= Russ Buettner =

American investigative journalist

Russ Buettner is an American investigative journalist who works for The New York Times. In 2019 he and two colleagues received the Pulitzer Prize for Explanatory Reporting for a 2018 series of articles about the finances of Donald Trump.

Buettner graduated from California State University, Sacramento, where he wrote for the student newspaper, The State Hornet. He subsequently attended the Missouri School of Journalism. Since 1992 he has reported from the New York City area.

Before joining the Times in 2006 he worked at The New York Daily News and New York Newsday. He was part of the Times team that investigated and published Trump's 1995 state tax returns, after they were anonymously mailed to his colleague Susanne Craig in October 2016. The Times analysis found that he had declared a $916 million loss that year, which could have allowed him to pay no taxes at all for 18 subsequent years. Since then the primary focus of Beuttner's research and reporting has been Trump's personal finances.

In June 2016 he and a colleague wrote a widely cited report about Trump's bankrupt Atlantic City casinos, saying that Trump put very little of his own money into those enterprises while collecting millions of dollars in salary, bonuses, and other payments.

In 2018 Buettner and colleagues reported that despite Trump's claims to be a self-made billionaire, he had actually received more than $400 million (in 2018 dollars) from his father Fred Trump, most of it in ways that avoided paying gift or inheritance tax. The 14,000 word report was one of the longest investigative articles ever published by the Times. The 2019 Pulitzer Prize for Explanatory Reporting was awarded to authors Buettner, Craig, and David Barstow "For an exhaustive 18-month investigation of President Donald Trump’s finances that debunked his claims of self-made wealth and revealed a business empire riddled with tax dodges". He and the same two colleagues also received the 2019 George Polk Award for Political Reporting.
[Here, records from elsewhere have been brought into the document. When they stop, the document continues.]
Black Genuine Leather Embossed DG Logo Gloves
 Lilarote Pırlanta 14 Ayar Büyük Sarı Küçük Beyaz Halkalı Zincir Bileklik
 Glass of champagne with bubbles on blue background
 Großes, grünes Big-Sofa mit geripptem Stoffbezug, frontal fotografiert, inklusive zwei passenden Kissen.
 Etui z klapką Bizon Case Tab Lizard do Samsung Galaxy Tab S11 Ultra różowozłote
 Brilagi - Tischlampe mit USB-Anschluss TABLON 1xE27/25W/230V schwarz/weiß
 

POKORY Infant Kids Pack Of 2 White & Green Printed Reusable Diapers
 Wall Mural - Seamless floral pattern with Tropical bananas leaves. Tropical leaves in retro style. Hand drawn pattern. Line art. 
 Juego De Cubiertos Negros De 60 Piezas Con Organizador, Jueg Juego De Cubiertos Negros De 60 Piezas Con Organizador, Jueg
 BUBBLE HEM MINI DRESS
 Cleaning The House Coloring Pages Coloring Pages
In September 2020 the Times team acquired more than two decades' worth of Trump's tax records, including the first two years of his presidency. Their reporting showed that he paid no federal income taxes in ten out of the preceding fifteen years, and only $750 in each of two other years. They described "struggling properties, vast write-offs, an audit battle and hundreds of millions in debt coming due."